Rulings have found that 527 activities may encompass grassroots lobbying communications;
mass media advertisements that do not identify specific legislators; ballot measure activities; and
litigation. In many cases, the determination that these activities are "political" rests on evidence
of subjective intent found only in internal records.(8) The contents of a communication may not
overtly be linked to an election, but decisions made about targeting and distribution bring it into
527's ambit. The breadth of the IRS interpretation of 527(e) demonstrates a fact that courts in
election law cases have repeatedly recognized: advocacy of issues and advocacy for or against
candidates are often inextricably intertwined.
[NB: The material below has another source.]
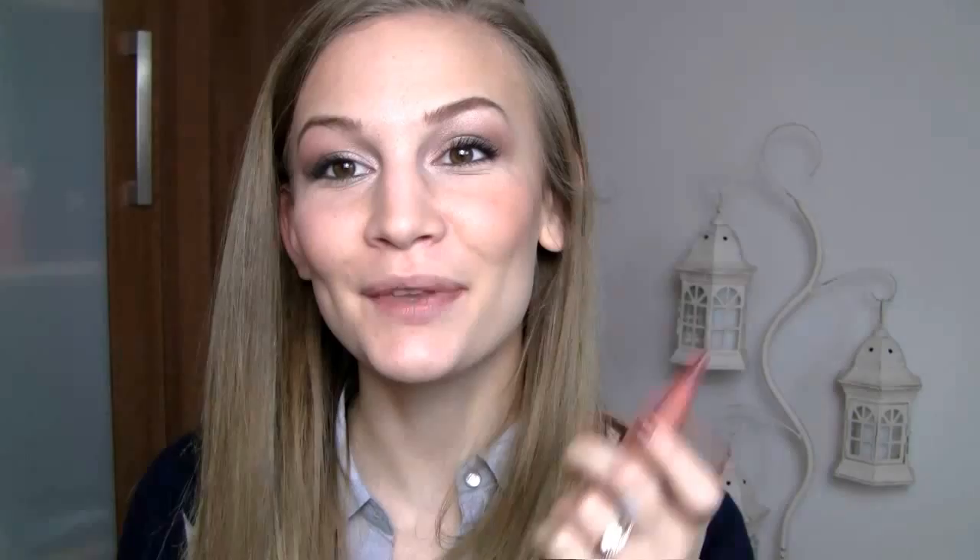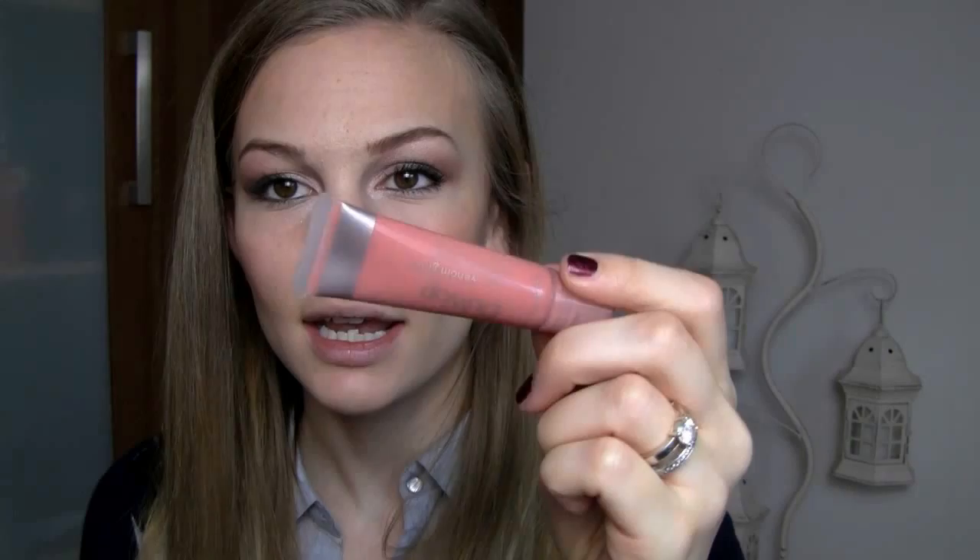My favorite lip gloss right now is the DuWop Venom Gloss in the shade Coral Tree. It's a really neutral, peachy-toned gloss. I've gone off lipstick completely at the moment, though that'll probably change — I tend to go through phases. This gloss tingles and plumps, and it's really minty, which is how you know it's plumping — it has peppermint or something in it.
Some 527 activity may be indistinguishable to the
outside observer from pure issue advocacy activities conducted by 501(c)(4), or even 501(c)(3),
nonprofit organizations.(9) We therefore believe that imposing detailed donor disclosure
requirements on only one type of organization would lead to both inconsistency and public
confusion.
Furthermore, to the extent section 527 organizations engage in advocacy that reaches much
further than a narrowly drawn category of almost-express advocacy, forced donor disclosure
implicates the same constitutional concerns raised in NAACP v. Alabama. Citizens choose to
maintain individual anonymity and engage in political advocacy through support of organizations
for a variety of legitimate reasons. Their right to do so should not be abridged absent compelling
countervailing concerns. Including all 527 organizations with their entire range of advocacy
activities is not sufficiently narrowly tailored to the interest in providing the public with
information about campaign expenditures to offset the infringement on their supporters' right to
privacy in their political associations.
Extending Disclosure to Other Organizations is Even More Problematic
Other proposals would impose disclosure obligations on organizations that engage in covered
"political" activity regardless of the type of organization. While this approach avoids the logical
inconsistency of different disclosure requirements for organizations whose activities may appear
indistinguishable, it does so at the expense of the First Amendment rights of supporters of
organizations not organized primarily for electoral purposes. Requiring disclosure of donors who
support the general activities of a nonprofit organization because that organization chooses to
engage in legally permissible political advocacy effectively penalizes the exercise of free speech.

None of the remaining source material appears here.